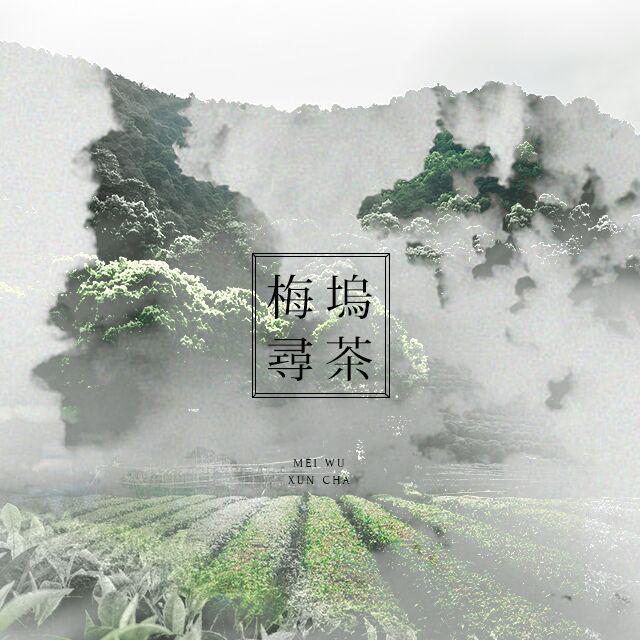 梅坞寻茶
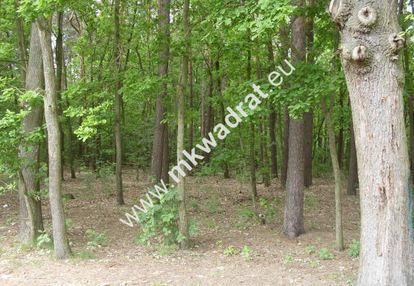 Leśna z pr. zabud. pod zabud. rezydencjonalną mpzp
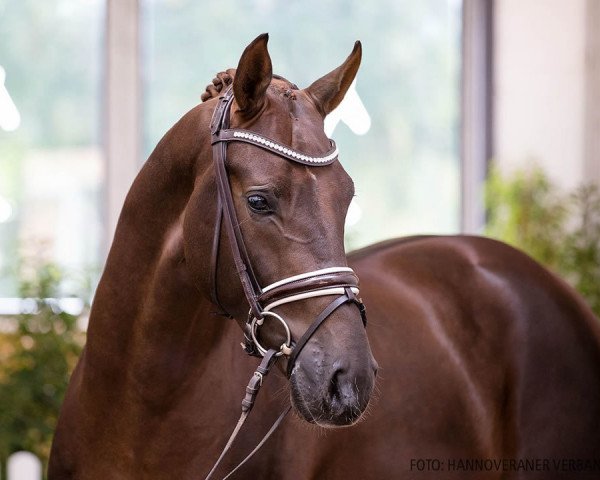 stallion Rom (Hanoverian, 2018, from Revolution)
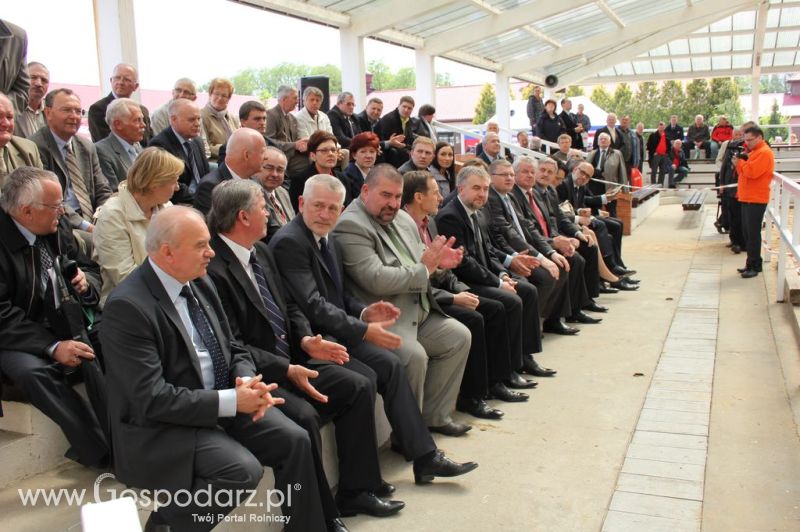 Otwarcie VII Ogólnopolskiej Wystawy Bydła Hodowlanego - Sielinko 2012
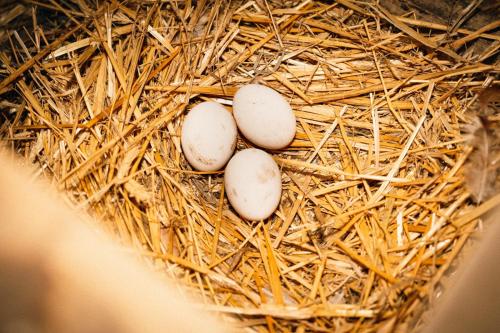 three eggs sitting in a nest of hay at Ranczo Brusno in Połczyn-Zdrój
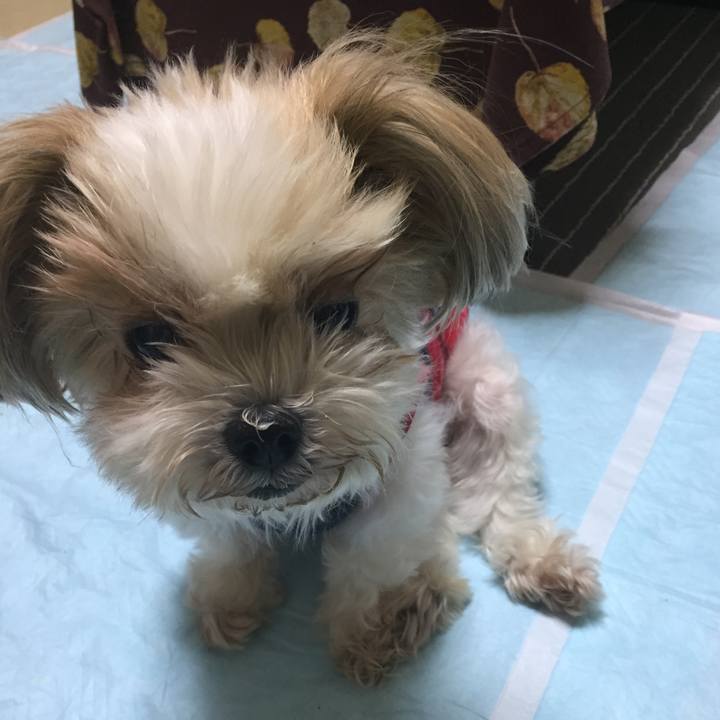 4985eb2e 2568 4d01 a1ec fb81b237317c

Requirement:
Output the entries above exactly, without their pictures.

Answer box:
 梅坞寻茶
 Leśna z pr. zabud. pod zabud. rezydencjonalną mpzp
 stallion Rom (Hanoverian, 2018, from Revolution)
 Otwarcie VII Ogólnopolskiej Wystawy Bydła Hodowlanego - Sielinko 2012
 three eggs sitting in a nest of hay at Ranczo Brusno in Połczyn-Zdrój
 4985eb2e 2568 4d01 a1ec fb81b237317c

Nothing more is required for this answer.